AT&T Goes to Court over FCC Decision on Pole Attachment Rates
AT&T said it should pay a similar rate to other telecommunications attachers.
Ahmad Hathout
WASHINGTON, February 6, 2023 – AT&T has gone to court over a Federal Communications Commission decision last fall that said it is not entitled to a lower attachment rate on Duke Energy Progress poles than other telecommunications attachers.
The commission had determined, in response to petitions from AT&T and Duke, that the incumbent telephone carrier paid too much to utility Duke to access its poles.
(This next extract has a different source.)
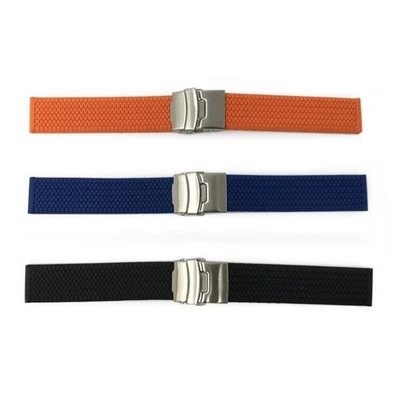 Silicone Boucle Déployante Bracelet Montre Pneu Piste Motif Taille et Options - Photo 1/4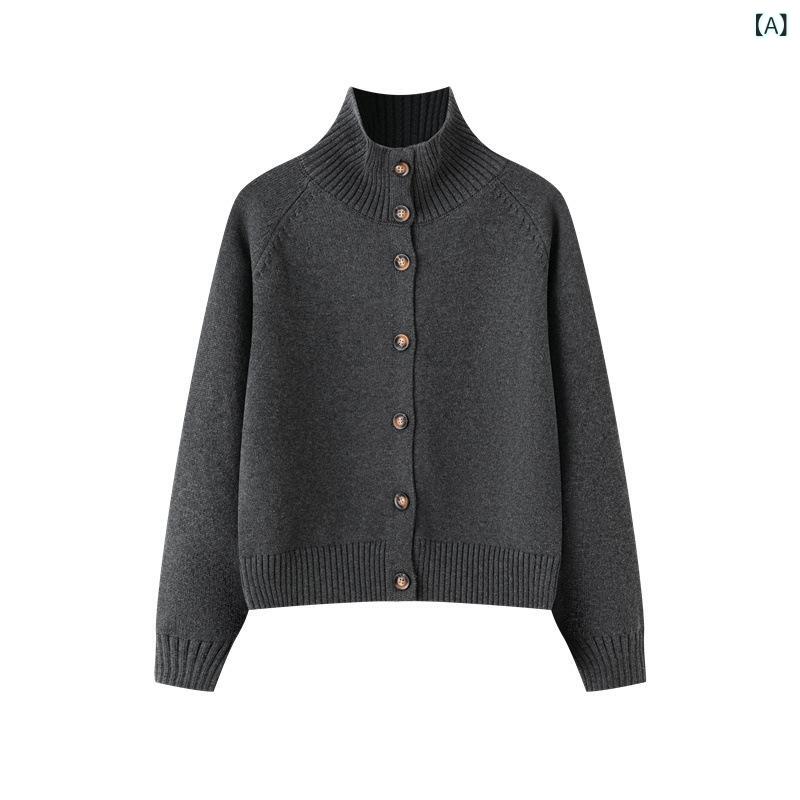 ジレー レディース 綿織物100% ハイネック 編み物 長袖 赤 春物 パステル色の原料品 通気性 軽さ アウター 日常使い走り 今めかしい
However, because AT&T had an agreement with Duke that conferred onto it advantages not given to other attachers, the commission determined that the telecom would not pay a comparable lower rate as those other attachers.
AT&T filed a complaint to the U.S. Court of Appeals for the D.C. Circuit last month saying it should pay the rate that the FCC considers comparable to cable companies and other third party attachers that are disadvantaged in the agreement process.
“AT&T is adversely affected by certain parts of the Order because the Federal Communications Commission granted AT&T’s pole attachment complaint only in part,” the company said in its complaint against the November decision. “The Order requires AT&T to pay a substantially higher rate for use of Duke’s poles than the just, reasonable, and fully compensatory new telecom rate AT&T’s competitors pay for use of comparable space on the same utility poles.”
In asking for a dismissal of the order, AT&T is asking the court to find the parts in question of the FCC decision violate the Administrative Procedures Act and “are arbitrary, capricious, an abuse of discretion or otherwise not in accordance with law.”
The FCC makes determinations on costs to attach to utility poles to ensure that they are “just and reasonable” under the Telecommunications Act. Attaching to poles is a critical component of broadband buildouts. The commission set up a framework to determine what’s a fair rate.
It set a rate ceiling in a 2018 order because incumbent telephone company bargaining power and pole ownership versus utilities had, by then, been in decline. In effect, it revised a presumption set in 2011 that incumbent telephone companies had superior bargaining power versus other telecom attachers and replaced it with the presumption – which took effect in March 2019 – that the two attachers “are similarly situated” and therefore entitled to “comparable” rates.
The caveat to the 2018 order, however, was that the new incumbent telco rates would take effect only if the agreement with the utility was signed after the order’s effective date. Because AT&T and Duke had an existing agreement before 2019, the FCC said it did not qualify for the new rate. It was thus subject to the old telecom rate as a reference.
The FCC concluded that, despite AT&T being entitled to a lower rate, the existing agreement between it and Duke provides AT&T “with benefits that materially advantage it compared to other attachers on the same poles.”
The decision added AT&T is entitled to a pole attachment rate that “does not exceed the Old Telecom Rate, covering the entire timeframe at issue.”
The commission is currently examining whether utilities should share in the cost of replacing those poles, which are often born by the requesting attacher.